Putting Youth Innovation and Entrepreneurship at the Heart of Africa’s Low Carbon Transition
The evidence that climate change will shape the future global society and economy is becoming more evident over the years. More effort is required to lower carbon emissions in order to minimize the average increase in the global mean temperature to well less than 2°C which demands drastic changes in energy transformation and use. Countries in the global south have greater opportunities for transformative investments in clean energy and emissions reduction. A shift to renewable energy sources in these countries demands accelerated efforts on social, economic and environmental sustainability targets.
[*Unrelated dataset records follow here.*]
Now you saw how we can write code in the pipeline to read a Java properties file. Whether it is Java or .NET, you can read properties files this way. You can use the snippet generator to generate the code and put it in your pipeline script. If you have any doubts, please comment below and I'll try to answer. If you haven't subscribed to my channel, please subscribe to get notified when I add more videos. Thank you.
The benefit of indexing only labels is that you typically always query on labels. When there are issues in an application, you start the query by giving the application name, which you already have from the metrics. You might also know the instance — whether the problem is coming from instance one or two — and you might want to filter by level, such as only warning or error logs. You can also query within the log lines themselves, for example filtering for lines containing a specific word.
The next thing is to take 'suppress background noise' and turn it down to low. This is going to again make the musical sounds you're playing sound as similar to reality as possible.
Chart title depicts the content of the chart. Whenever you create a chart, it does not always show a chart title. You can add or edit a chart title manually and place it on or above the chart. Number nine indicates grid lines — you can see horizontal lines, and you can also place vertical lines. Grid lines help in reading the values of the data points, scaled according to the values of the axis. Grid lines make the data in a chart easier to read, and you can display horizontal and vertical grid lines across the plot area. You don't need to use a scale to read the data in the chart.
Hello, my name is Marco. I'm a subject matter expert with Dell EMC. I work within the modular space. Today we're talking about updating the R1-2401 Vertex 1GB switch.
Although clean energy uptake has been rapid, Africa’s policy fragmentation and the dearth of adequate investments are leading stumbling blocks. Africa is 17% of global population but accounts for less that 4% primary energy consumption, less than 4% of greenhouse gas emissions, and close to 80% of the 733 million people globally without access to electricity and 37% of the 2.4 billion people without access to clean cooking solutions. The most adversely impacted populations are populations already disadvantaged by poverty and inequality – women, youth, and marginalized communities. A clean energy transition is central to achieving many of the Sustainable Development Goals and is a key part of decarbonization strategies of many countries.
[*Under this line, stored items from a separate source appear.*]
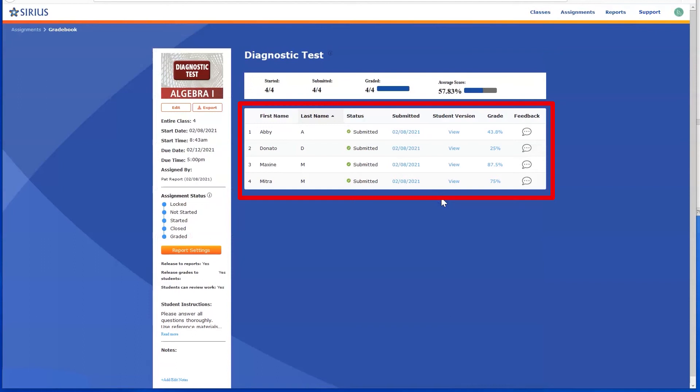along with information about the status of the lesson for each student. A status of Not Started indicates that the assignment is available to the student. Submitted indicates that students have turned in their work. Assignments that have been graded show a score in the Grade column.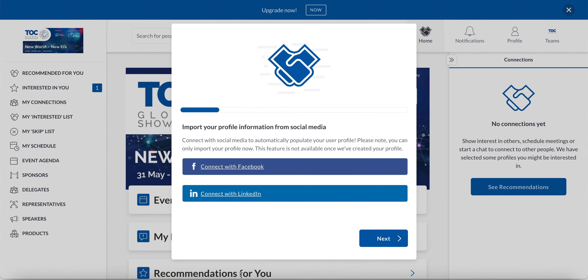Hey guys, so today I'm going to be showing you around the Talk Showcase event platform. The very first time you log in, you'll be met with a screen very similar to this. The first thing you'll be asked to do is choose if you want to connect with your social media. If you choose to do this, then all it will take is your name and profile picture.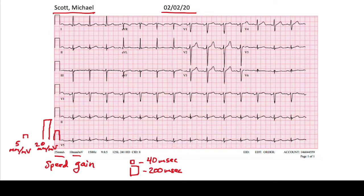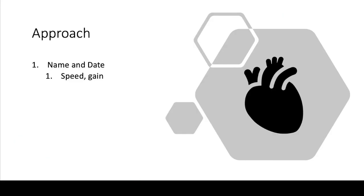Sometimes there's a third value called the filter. The filter eliminates background noise in the EKG — mainly from patient movement — which allows us to have clean EKG tracings. So those are the first two steps of reading an EKG: check the name and date, then quickly glance at the speed and gain. Once you do that, you can move on to reading the rest of the EKG.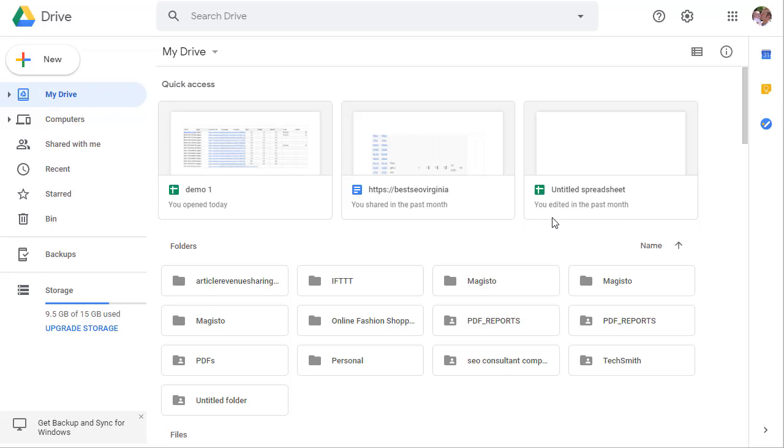Hey guys, quick tutorial on how to embed a PDF stored on Google Drive in either WP Creator or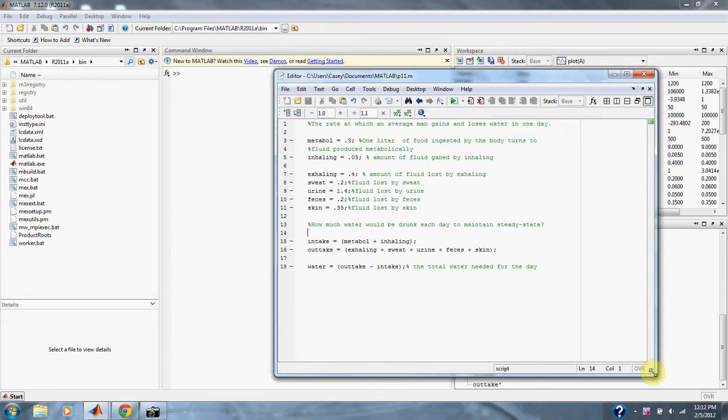In breathing air, the exchange is 0.05 liters while inhaling and 0.4 liters while exhaling over one day period. The body will also lose 0.2, 1.4, 0.2, and 0.35 liters through sweat, urine, feces, and through the skin respectively. In order to maintain steady state condition, how much water must be drunk per day?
While this presents new opportunities, real progress can only be realized if the Continent harnesses the potential of its youth and women as key drivers of innovation and entrepreneurship for sustainable development solutions.
Africa’s key asset is it youth. Seventy percent of Africans are below the age of 30. By 2040 Africa is predicted to have the largest workforce in the world – surpassing both China and India. Harnessing this potential will be key to shaping the future of the continent. This is particularly important as national leaders chart out pathways to decarbonize and pursue low carbon development. Young people need to take center stage in discussions about climate actions that affect their lives, livelihoods, and futures and as innovators and entrepreneurs of solutions.
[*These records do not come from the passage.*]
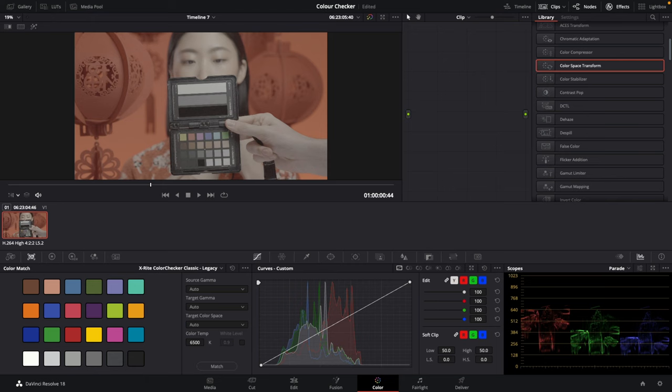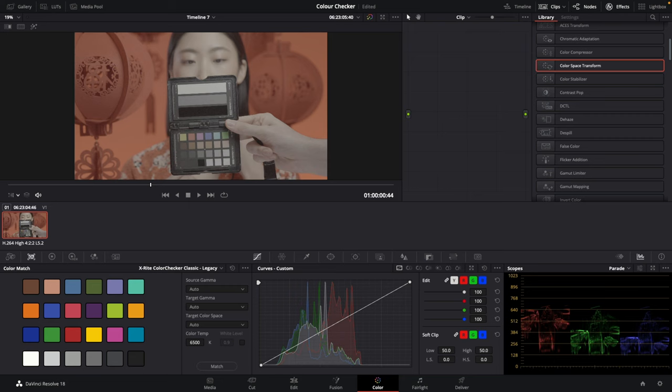Okay, very quick one from me today. We are inside the color tab on DaVinci Resolve. You've probably been trying to use the color passport checker on your S-Log 3 footage and been confused about how your node tree should look. This is how you should do it.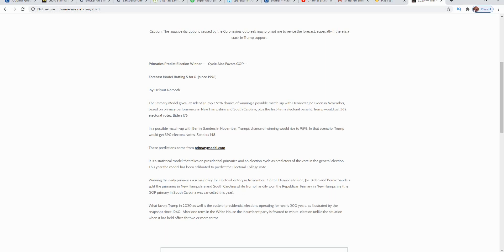And though recent events, not necessarily the pandemic, but the riots might be a problem for Trump because social unrest is bad for the incumbent, it clearly takes a lot to turn this one around. And this guy is a guy who has a record of predicting correctly.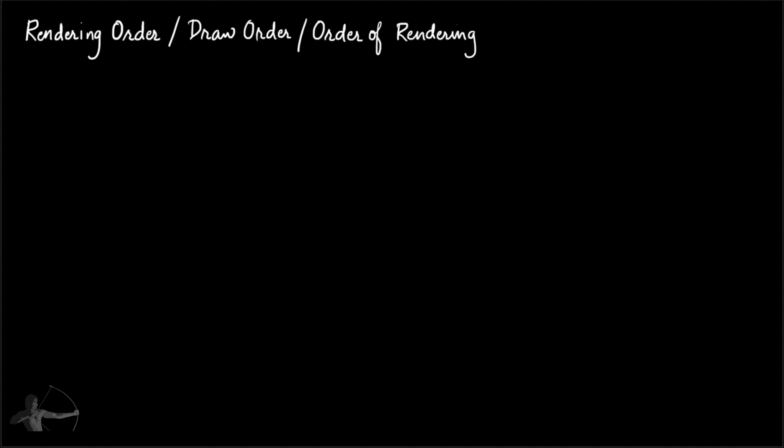When we have to draw an object, we execute a draw call. That means we give the mesh plus some other information to the GPU and tell it to draw. And the objects given first to it will be drawn first. As simple as that.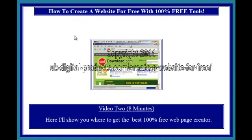Video 2, 8 minutes. Here I'll show you where to get the best 100% free webpage creator.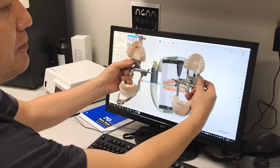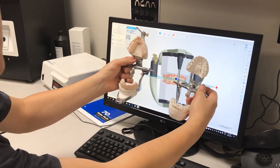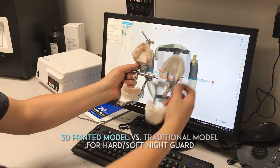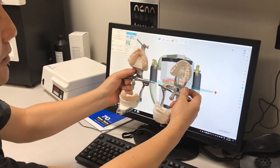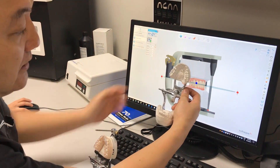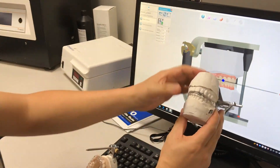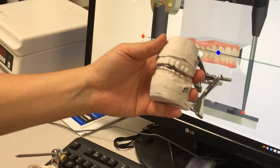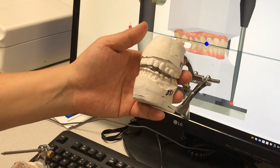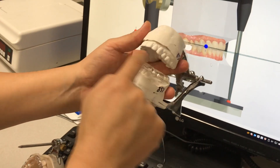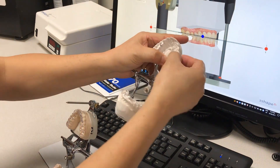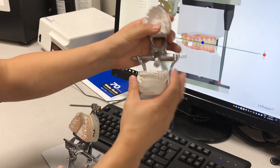I'd like to explain what is different between the traditional model compared to the printed model. The printed model is the best. The problem with the traditional model is — we just finished it — here's the impression. I see so many discrepancies between the models: slight bubbles here and there that we have to take out, slight cutoff discrepancies.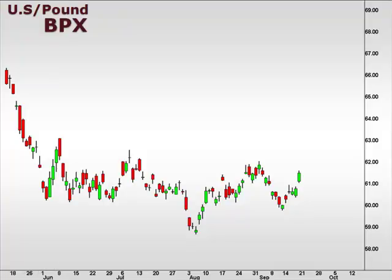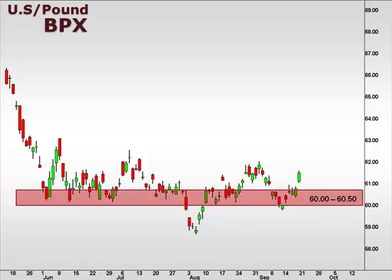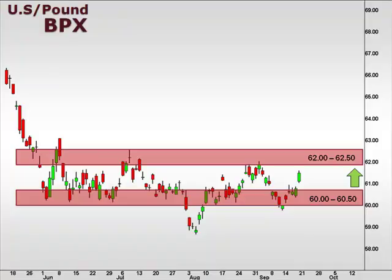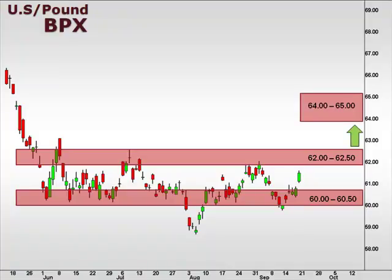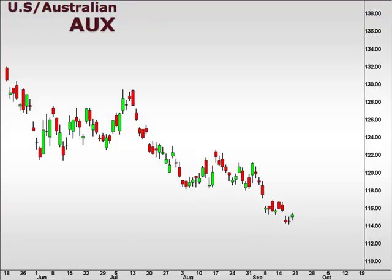The US Dollar gained some ground against the pound, as seen in the ISCFX Options pair value BPX. We found support down within that 60 to 60.5 focal zone and have been trading to the upside for about a week, suggesting the high probability of a test up into the 62 to 62.5 zone. If we are able to break this key overhead resistance, we will be targeting the 64-65 box to the upside.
Conducive institutional frameworks, inclusive and sustainable business models and youth ownership and leadership are essential to scale up promising decentralized renewable energy solutions as they emerge.
The overarching objective of the panel is to amplify the voices of young African women and men as key drivers of low carbon transition in the Continent.
The specific objectives are to:
- Identify ways in which Africa can drive inclusive low carbon transition by harnessing the potential of its young women and men
- Reflect on youth led innovations and opportunities for climate resilience and energy transitions
- Establish how partnerships will bolster progress towards sustainable energy, with scaled-up investments and up-to-date local innovations
- Learn about some of the impactful youth-led innovations and entrepreneurship on climate adaptation, mitigation, and resilience
- Foster dialogue between young people and policy makers
- For Africa to foster clean energy transition, the engagement of young women and men will be critical.
- Innovation and entrepreneurship should be at the front of any action to enable African countries to meet clean energy demands for sustainable and inclusive development – and young people can be key drivers of this.
- Governance structures in African states need to evolve proactively to take advantage of economic dynamics and technological innovations, to enable diversification in the energy mix and optimize competitive advantages for all age groups
- African governments to consider strengthening linkages between energy policies, resources and youth programmes to improve the energy profile across regions
- Africa’s clean energy revolution and efforts to manage climate change should be tackled jointly, and holistically across all age groups.